EXERCISE: The answer should match the entries below word for word, minus their pictures.

SOURCE DATA:
::::::

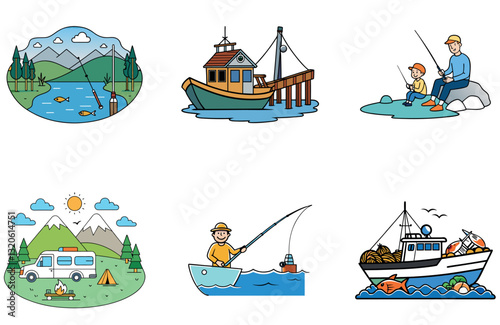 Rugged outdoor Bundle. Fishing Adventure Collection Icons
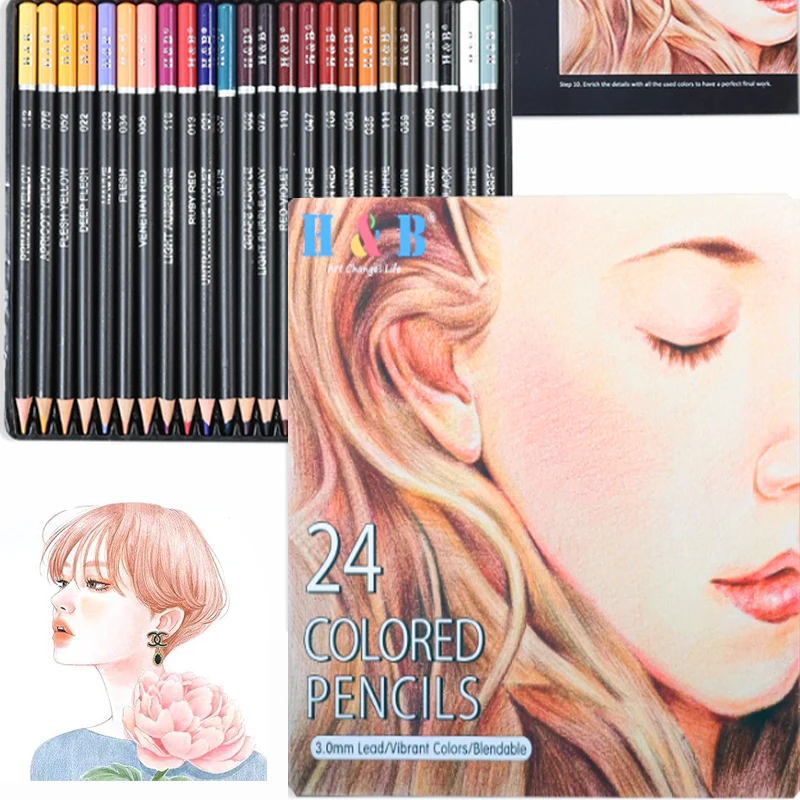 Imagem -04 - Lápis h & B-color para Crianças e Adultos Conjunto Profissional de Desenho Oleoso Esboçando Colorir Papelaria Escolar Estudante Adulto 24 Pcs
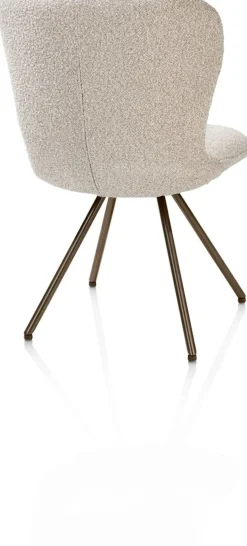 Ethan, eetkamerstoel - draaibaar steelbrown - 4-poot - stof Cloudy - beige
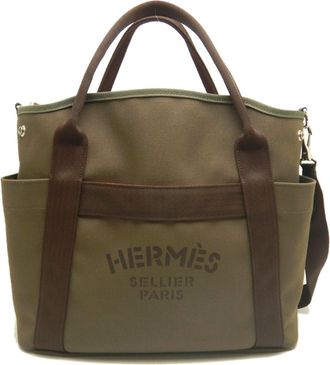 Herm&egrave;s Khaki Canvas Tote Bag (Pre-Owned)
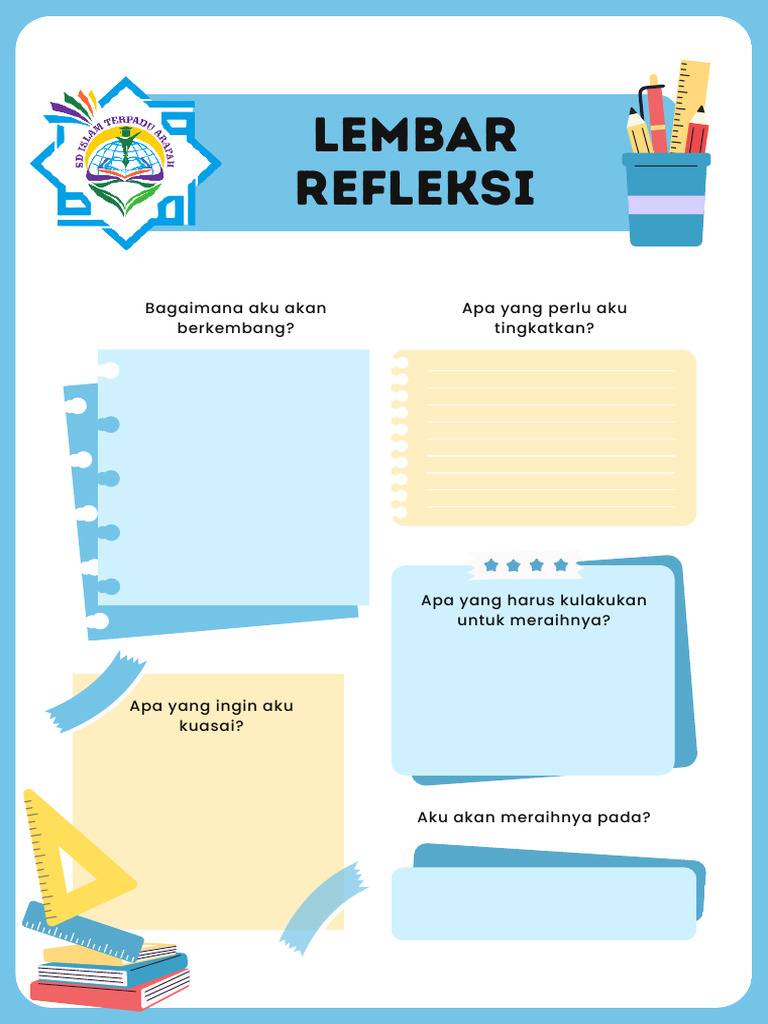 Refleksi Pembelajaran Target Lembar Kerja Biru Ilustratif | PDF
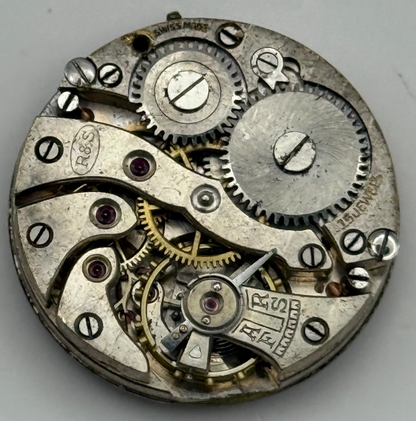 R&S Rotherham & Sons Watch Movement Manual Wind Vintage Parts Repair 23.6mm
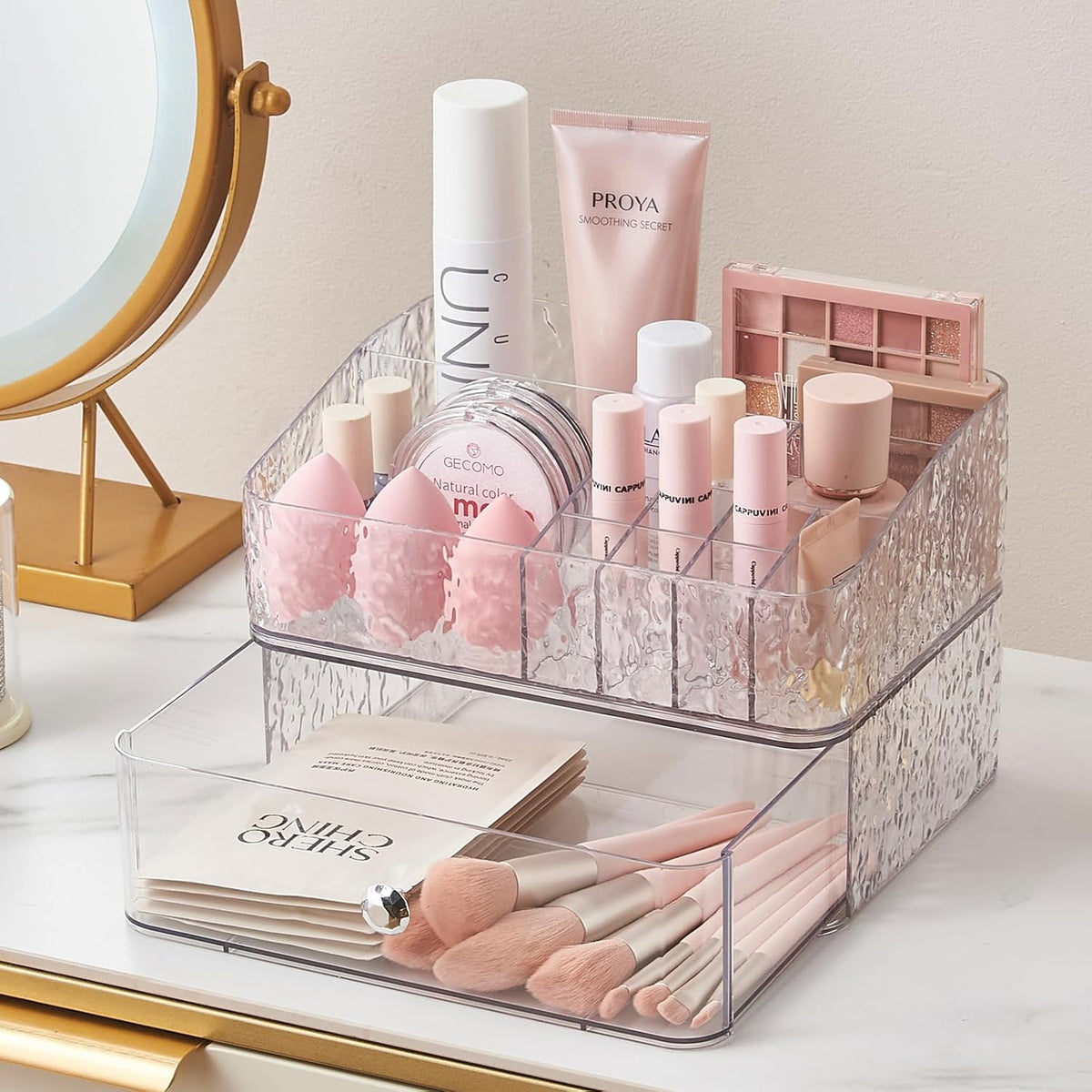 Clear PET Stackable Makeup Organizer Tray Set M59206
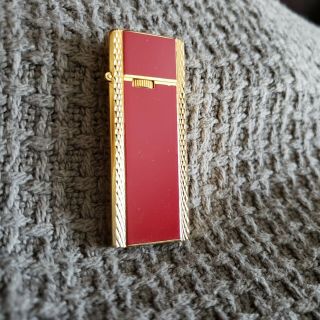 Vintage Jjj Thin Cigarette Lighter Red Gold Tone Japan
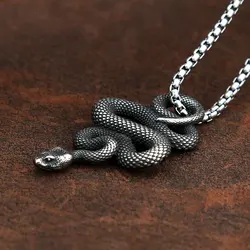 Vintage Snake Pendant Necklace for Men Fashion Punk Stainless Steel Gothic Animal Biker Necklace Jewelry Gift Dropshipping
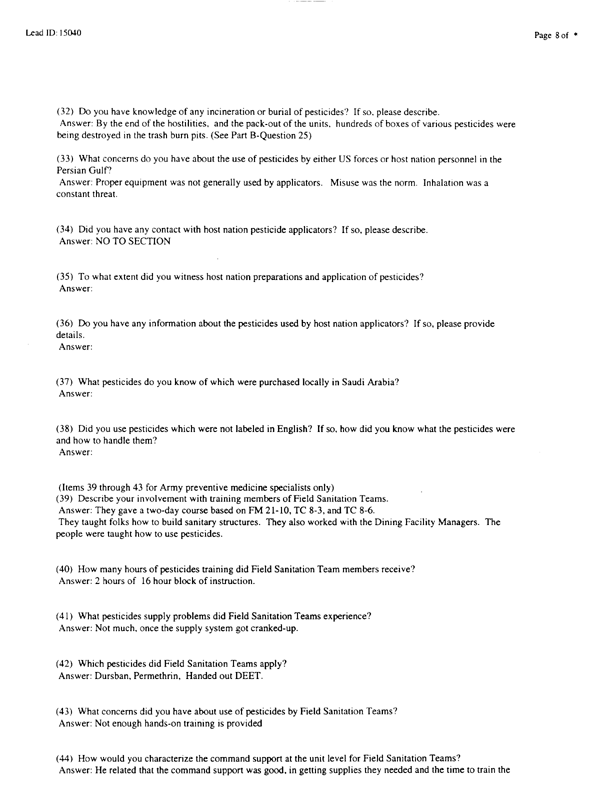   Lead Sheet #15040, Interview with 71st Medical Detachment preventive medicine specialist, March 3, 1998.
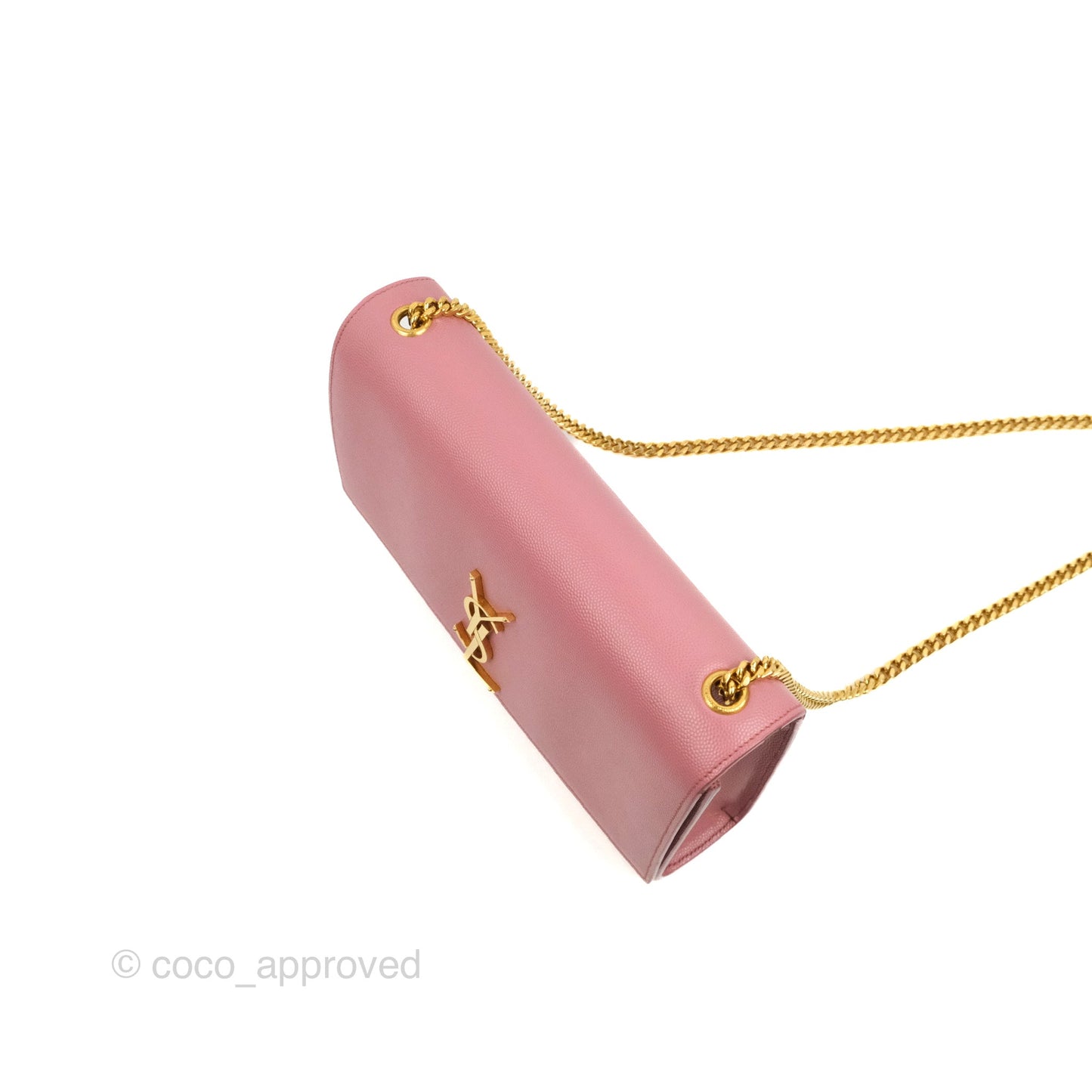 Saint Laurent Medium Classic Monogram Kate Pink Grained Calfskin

::::::

RESULT FOR THIS EXERCISE:
 Rugged outdoor Bundle. Fishing Adventure Collection Icons
 Imagem -04 - Lápis h & B-color para Crianças e Adultos Conjunto Profissional de Desenho Oleoso Esboçando Colorir Papelaria Escolar Estudante Adulto 24 Pcs
 Ethan, eetkamerstoel - draaibaar steelbrown - 4-poot - stof Cloudy - beige
 Herm&egrave;s Khaki Canvas Tote Bag (Pre-Owned)
 Refleksi Pembelajaran Target Lembar Kerja Biru Ilustratif | PDF
 R&S Rotherham & Sons Watch Movement Manual Wind Vintage Parts Repair 23.6mm
 Clear PET Stackable Makeup Organizer Tray Set M59206
 Vintage Jjj Thin Cigarette Lighter Red Gold Tone Japan
 Vintage Snake Pendant Necklace for Men Fashion Punk Stainless Steel Gothic Animal Biker Necklace Jewelry Gift Dropshipping
   Lead Sheet #15040, Interview with 71st Medical Detachment preventive medicine specialist, March 3, 1998.
 Saint Laurent Medium Classic Monogram Kate Pink Grained Calfskin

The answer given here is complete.